Oracle enjoyed upgrades to the equivalent of buy ratings from analysts at Piper Jaffray, Prudential, and Friedman Billings Ramsey, who raised their price targets to $17, $18 and $17, respectively. (Piper has received pay for noninvestment banking services from Oracle and PeopleSoft; Prudential doesn't have an investment banking arm; and FBR hasn't done banking with Oracle.)

The reasons cited by the analysts for their upgrades included solid second-quarter results, also released Monday, and accretion potential from the PeopleSoft acquisition, which the company said would add at least 8 cents a share to fiscal 2006 earnings.

However, Sanford C. Bernstein analyst Charlie Di Bona took the contrarian view, downgrading his rating on Oracle to market perform from outperform.

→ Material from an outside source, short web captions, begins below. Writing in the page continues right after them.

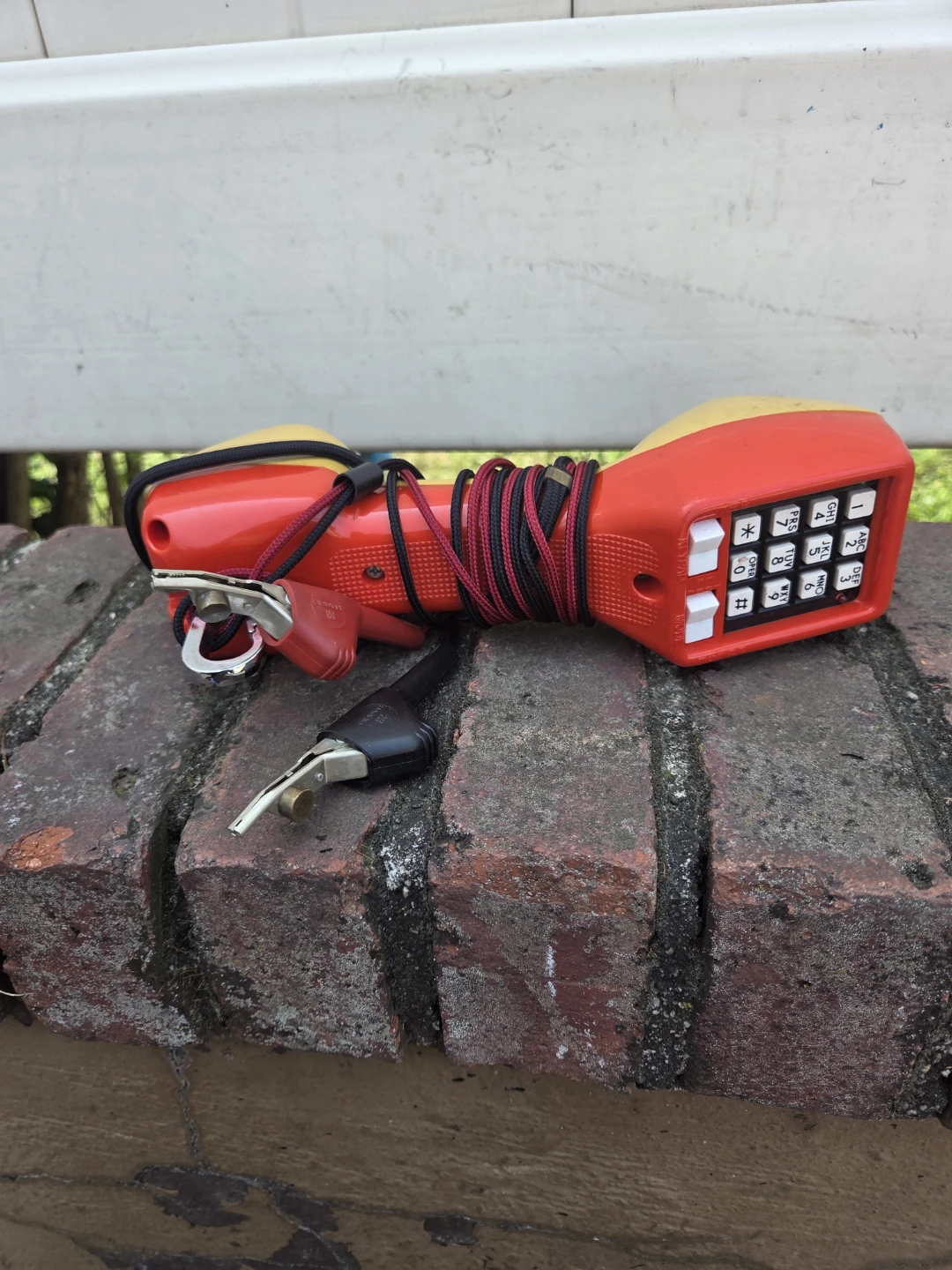Vintage Red and Yellow Handset Telephone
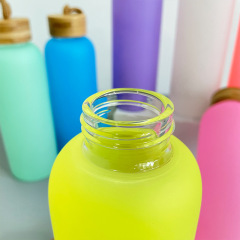 20oz/600ml Thermal Sublimation Colored Glassl Tumbler with Bamboo Lid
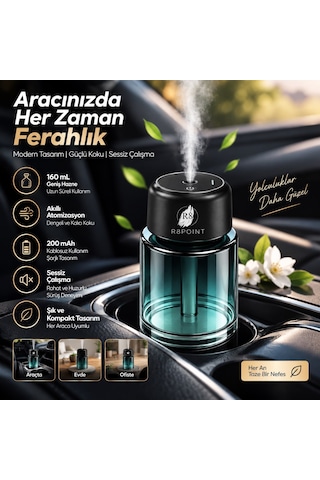 R8poınt Araç Koku Difüzörü Hava Nemlendiricisi 160 Ml Akıllı Aroma Atomizeri 200 Mah Şarjlı Type-c Led Işıklı 001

He suggested the recent rally in Oracle shares already appears to reflect much of the potential accretion from the PeopleSoft deal, while not necessarily accounting for the

potential operational risks of integrating the two companies.

Oracle's estimate on PeopleSoft's accretion potential fell significantly short of Di Bona's estimate of 13 cents a share in fiscal 2006. While most analysts focused on Oracle's unexpectedly strong second-quarter application sales, Di Bona highlighted the "meager growth" of Oracle's database business, at only 5% in the second quarter and an even smaller 1% in constant currency. (Di Bona's firm doesn't do investment banking but holds shares of PeopleSoft.)

After jumping 10% Monday, Oracle's stock was recently down a modest 25 cents, or 1.7%, to $14.38. Shares of PeopleSoft were flat at $26.42 after gaining 10.3% Monday.